* Activity *
Your copy should repeat the data that follows exactly and contain no image.

* Given information *
•••

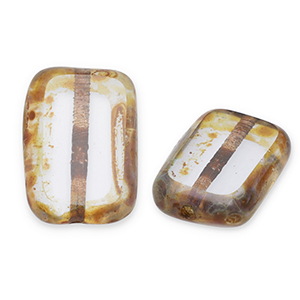 Czech kralen TCB rechthoek 12x8mm Alexandrite-travertin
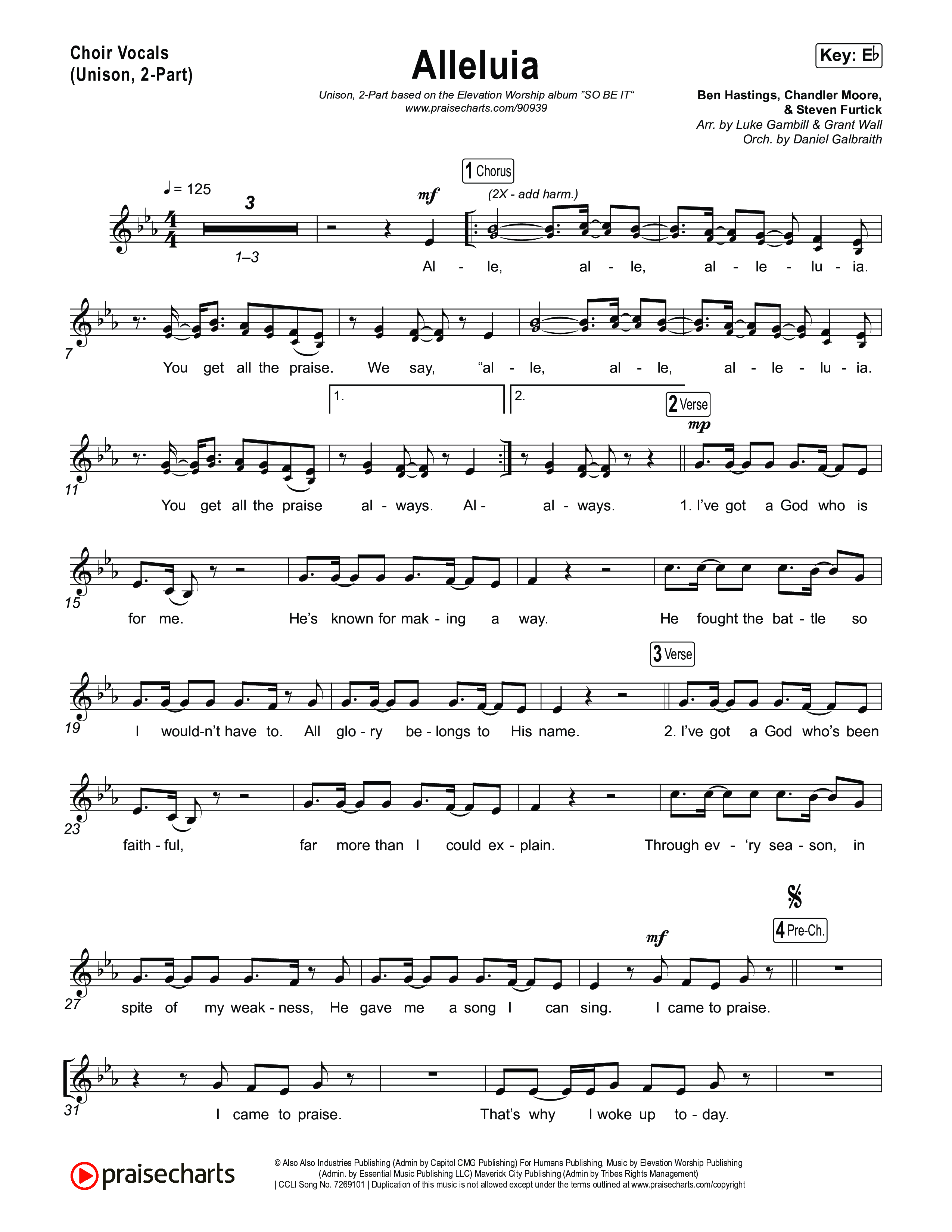Alleluia (Unison/2-Part) Choir Vocals (Uni/2-Part) (Elevation Worship / Chandler Moore / Chris Brown / Arr. Luke Gambill)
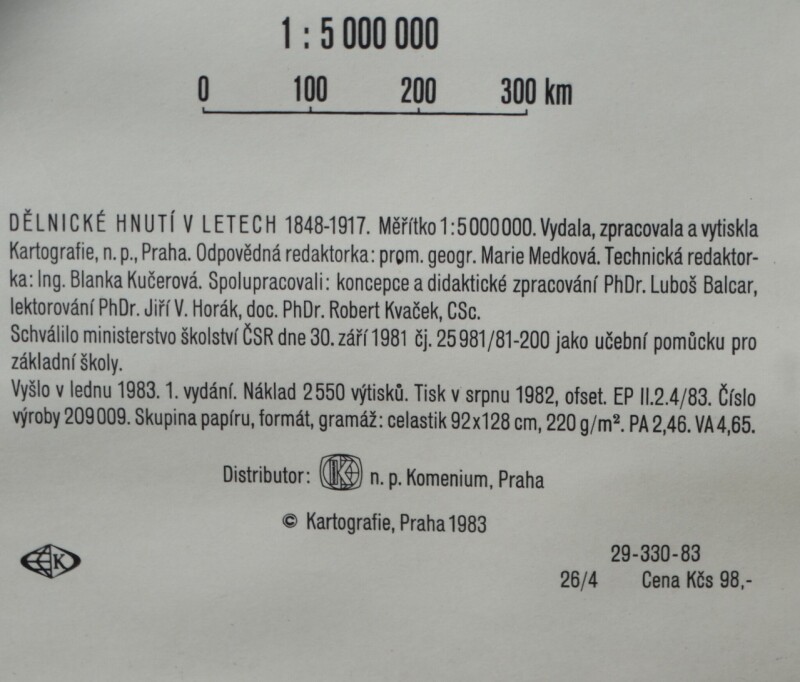 Školní nástěnné mapy - Dělnické hnutí v letech 1848 - 1917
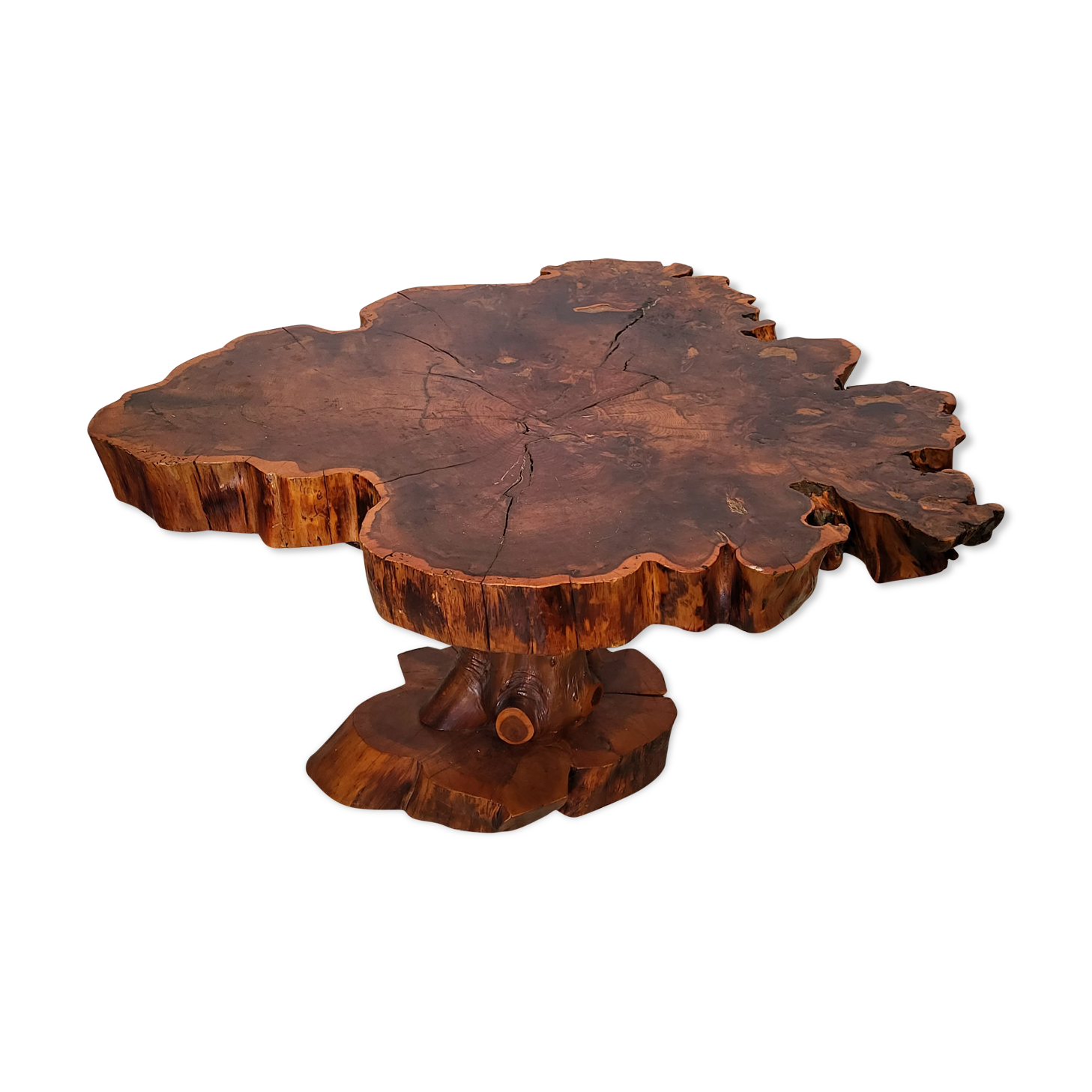 Brutalist table trunk old elm magnifying glass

•••

* Exercise result *
 Czech kralen TCB rechthoek 12x8mm Alexandrite-travertin
Alleluia (Unison/2-Part) Choir Vocals (Uni/2-Part) (Elevation Worship / Chandler Moore / Chris Brown / Arr. Luke Gambill)
 Školní nástěnné mapy - Dělnické hnutí v letech 1848 - 1917
 Brutalist table trunk old elm magnifying glass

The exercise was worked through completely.